Find longest substring with at most k distinct
Company: Snowflake
Role: Software Engineer
Category: Coding & Algorithms
Difficulty: Medium
Interview Round: Onsite
Quick Answer: This question evaluates a candidate's ability to design efficient string-processing algorithms using sliding-window techniques, reason about time and space complexity, and correctly handle Unicode grapheme clusters when returning substrings.
Constraints
- 0 <= k <= length of s
- 0 <= length of s <= 10^5
- s consists of arbitrary characters (treat each code unit as one character for the core problem)

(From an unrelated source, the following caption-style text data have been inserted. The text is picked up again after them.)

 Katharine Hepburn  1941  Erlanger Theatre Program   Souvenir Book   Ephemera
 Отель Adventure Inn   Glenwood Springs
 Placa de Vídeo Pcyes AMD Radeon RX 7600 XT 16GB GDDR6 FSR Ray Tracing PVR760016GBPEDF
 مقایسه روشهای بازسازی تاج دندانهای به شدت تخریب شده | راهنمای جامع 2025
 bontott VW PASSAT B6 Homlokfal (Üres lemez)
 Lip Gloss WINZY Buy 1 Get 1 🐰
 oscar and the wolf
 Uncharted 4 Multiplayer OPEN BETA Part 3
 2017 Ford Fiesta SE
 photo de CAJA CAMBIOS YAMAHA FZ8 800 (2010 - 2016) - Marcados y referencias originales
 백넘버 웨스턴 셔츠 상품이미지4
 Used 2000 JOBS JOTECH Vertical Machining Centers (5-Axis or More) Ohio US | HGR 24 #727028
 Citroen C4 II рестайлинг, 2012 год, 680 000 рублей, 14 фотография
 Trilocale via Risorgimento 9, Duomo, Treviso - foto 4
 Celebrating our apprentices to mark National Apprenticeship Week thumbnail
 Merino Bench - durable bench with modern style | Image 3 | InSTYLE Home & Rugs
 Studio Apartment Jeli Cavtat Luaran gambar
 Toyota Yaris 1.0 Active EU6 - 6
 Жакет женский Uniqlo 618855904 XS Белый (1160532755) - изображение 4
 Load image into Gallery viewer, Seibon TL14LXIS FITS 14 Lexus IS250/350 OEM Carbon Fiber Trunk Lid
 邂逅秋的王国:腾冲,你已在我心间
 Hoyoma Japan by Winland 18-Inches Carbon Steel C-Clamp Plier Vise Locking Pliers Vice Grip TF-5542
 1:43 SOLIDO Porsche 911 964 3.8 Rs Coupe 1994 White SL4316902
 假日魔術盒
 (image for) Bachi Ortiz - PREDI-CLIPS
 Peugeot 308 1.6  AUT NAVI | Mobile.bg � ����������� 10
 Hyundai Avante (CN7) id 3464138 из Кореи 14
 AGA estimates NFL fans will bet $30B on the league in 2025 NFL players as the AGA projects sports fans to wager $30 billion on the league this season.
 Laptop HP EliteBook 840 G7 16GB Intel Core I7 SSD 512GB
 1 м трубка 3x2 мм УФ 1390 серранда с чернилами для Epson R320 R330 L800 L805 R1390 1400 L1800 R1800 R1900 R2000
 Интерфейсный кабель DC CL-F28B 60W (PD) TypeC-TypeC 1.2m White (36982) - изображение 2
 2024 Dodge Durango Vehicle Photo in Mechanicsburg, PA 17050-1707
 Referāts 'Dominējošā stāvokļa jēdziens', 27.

- If k <= 0, the answer is 0
Examples
Input: ("eceba", 2)
Expected Output: 3
Explanation: The longest substring with at most 2 distinct characters is "ece" (length 3).
Input: ("aa", 1)
Expected Output: 2
Explanation: With k=1, the whole string "aa" qualifies (one distinct character).
Input: ("abcabcabc", 3)
Expected Output: 9
Explanation: All 3 distinct characters are allowed, so the entire string qualifies.
Input: ("abcabcabc", 2)
Expected Output: 2
Explanation: Any window of length 3 here has 3 distinct characters, so the max valid window is length 2.
Input: ("", 5)
Expected Output: 0
Explanation: An empty string has no substring; the answer is 0.
Input: ("a", 0)
Expected Output: 0
Explanation: With k=0 no character is allowed, so the longest valid substring has length 0.
Input: ("aabbcc", 1)
Expected Output: 2
Explanation: With k=1 the best is a run of two identical characters, e.g. "aa" (length 2).
Input: ("aaabbbcccddd", 2)
Expected Output: 6
Explanation: A window spanning two adjacent runs, e.g. "aaabbb", has 2 distinct characters and length 6.
Input: ("x", 3)
Expected Output: 1
Explanation: A single-character string yields length 1 when k allows at least 1 distinct character.
Hints
- Use two pointers (left and right) to define a sliding window, and a hash map to count occurrences of each character inside the window.
- Expand by moving `right` one step at a time. Whenever the count of distinct characters exceeds k, move `left` forward — decrementing counts — until the window again has at most k distinct characters.
- Track the best window length after each expansion. Because every character is added and removed at most once, the total work is O(n).